Kyu also serves a style of crunchy sushi, made by making traditional sushi rice, pressing it, chilling it until it gets firm, and cutting it into sushi-sized pieces that are quickly fried until crispy on the outside and light, fluffy and vinegary on the inside. Toppings include tuna tartare with chipotle, or hamachi tartare with wasabi.
For fish, Lewis does a fresh take on Nobu- and Zuma-style dishes like miso-marinated black cod. But he uses local snapper instead, which he cooks with brown butter and white miso.
“It’s just a super-fresh piece of fish with a similar flavor profile, but you have that lovely, light, flaky freshness from actual fresh fish, not a frozen piece of black cod that you’ve had to marinate for 10 days,” he said.
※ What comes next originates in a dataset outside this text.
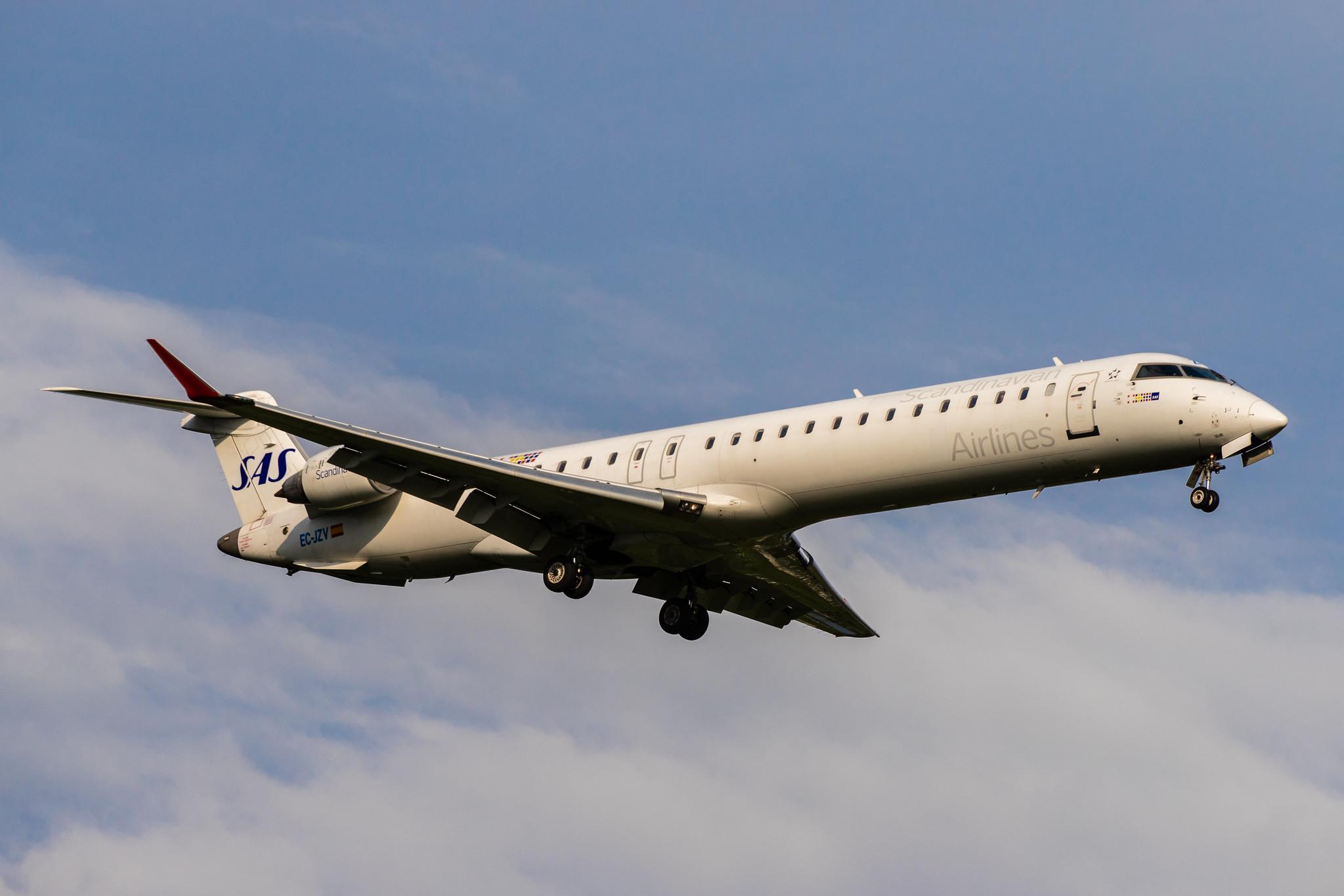 Hamburg Airport: SAS (SK / SAS) | Operator: Air Nostrum |  Mitsubishi CRJ-900ER CRJ9 | EC-JZV | MSN 15117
Although New York City is Lewis’s spiritual home in many senses, he makes a nod to his hometown with crab buns.
Crab buns
“Being from Baltimore, it would be rude not to put some crab in there,” he said.
The buns are inspired by Shanghai-style charsiu pork dumplings, but with soft-shell crab instead. Lewis dresses them with a spicy lime aïoli with fermented chile and citrus, yuzu-scented pickles and shiso.
“It’s hot and cold and crispy and crunchy and light and bright and herby,” he said.
Despite the national accolades, Lewis said he wants Kyu to remain “a local restaurant for locals.”
“We’re just a little neighborhood restaurant … that’s trying to do something a little bit better than maybe the other guy,” he said.